You know that awful racist saw "we need a good plague"? I feel that way, but I don't want anyone to die. I just want 85% of the population to be Laid Up for a month. 28 days at death's door and everyone emerges and Understands
suddenly it's okay to discuss with work acquaintances exactly how much of your skin fell off because *everyone* has been through this. it would put this enormous dent in peoples ability to believe their own narrative of their life being a beautiful, perfect party
but i wonder, having said it, how much truth there is to this. is it that all these people have relatively beautiful lives, or are they much more similar to me and it's just that marketing got to them first?

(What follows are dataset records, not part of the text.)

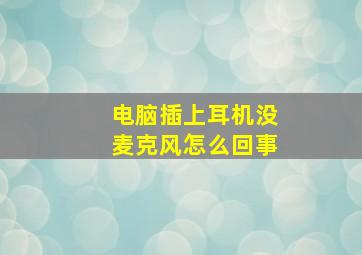 电脑插上耳机没麦克风怎么回事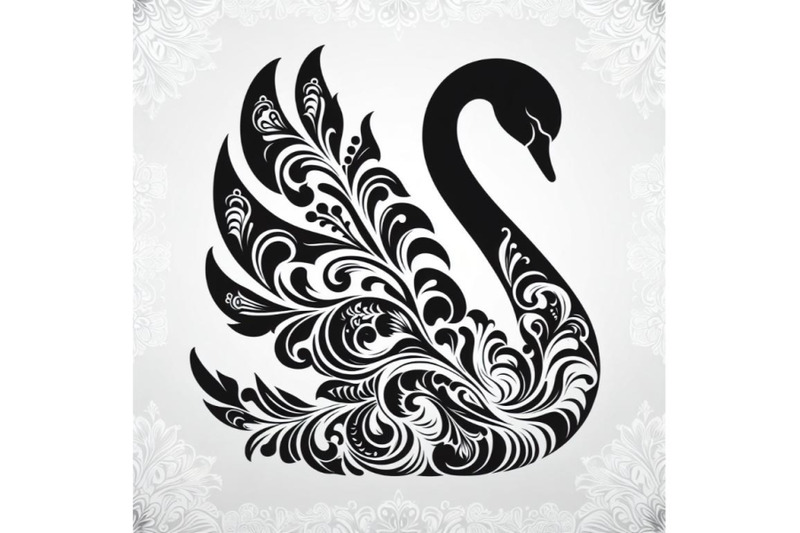 4-set-of-black-and-white-swan-with-carved-patterns-an-abstract-silhou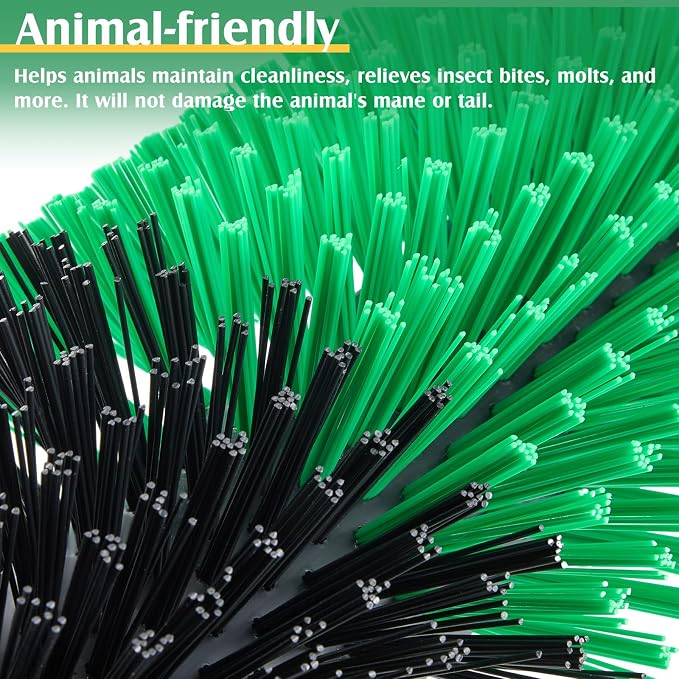 3 Pack Livestock Scratching Brush, Green and Black | Animal Scratcher, Itch Relief Grooming, Horse Goat Cow Scratcher, Fence Post Mounting, Durable Bristles, Farm Livestock Care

i had no kind of normal childhood even before I got chronically ill. I was never susceptible to the bulk of the advertising telling me to see myself as a Beautiful Person. Even when I started partying I never saw myself that way.
Had I gone to high school and been convinced by others to care about clothes and who looks the most beautiful in a contrived photo, would my illnesses have the same effect on my psyche? Or would I just lie and conceal them?
I think that mass marketing presents some surprising new challenges for humanity. One of them is that FB/IG can prey on people in this way, and it doesn't look harmful, and we have *zero* tools for doing anything about it.
Our culture is dying a death of a thousand cuts as advertising companies attack us from all angles at once. Are "year in review" slideshows worth outlawing, or protesting? Of course not. Even some of you take genuine pleasure from them, and obviously that's fine.
The problem is when you stack that *on top* of everything else, the relentless onslaught of false positivity and tools and pressures to self-style as a perfect happy person
The problem is essentially that Facebook is a shitty person who is a bad influence on our friends and families. They're the Ted that hangs out and constantly talks shit about poor people, and he doesn't *quite* go far enough to get punched
So you say "Sis, look, that Ted guy - he's making you *miserable.* The stuff he says is horrible." and she literally doesn't see it. to her it's just "he has some ideas about how food stamps should be regulated" and *that's not enough to throw someone out of your life*
maybe for a leftist, but for someone who isn't radicalized, who doesn't see people as With Us Or Against Us in the way that we realize is a sad fact of our lives, that's absurd. it's absurd on its face.
"you want me to cut my old friend out of my life... because he thinks food stamps shouldn't buy candy bars? what the fuck is wrong with you"

yeah, seriously, what is?
it's asinine to suggest that. but if you stack up *everything else* Ted says, you assemble this picture of a person who has a reason to hate everyone. that's a laundry list of "little" problems though, and it sounds shitty when you say it out loud.
FB/IG etc. are saturated in Feel Good in a way that's hard to see, but boith in their design and in their culture and *especially* in their automation, they make it clear you aren't supposed to be Real on them.
The trouble is that to a lot of people it just sounds like I'm advocating complaining all the time as a way of life. I mean, I pretty much. Am. If you have complaints I think you should say them, generally. But our culture is so heavily biased against that.
culture says "you should be mostly happy and your dissatisfactions should be things you can treat dispassionately" which conflicts with my worldview which is that life is largely a series of hurdles and our personalities are built out of how we take them and what they do to us
It's not at all original to say "we shouldn't just pretend to be happy all the time!! sheeple!!!!" but I do think we need to do something about the new brand of continuous, uninterrupted reinforcement that FB/IG provide.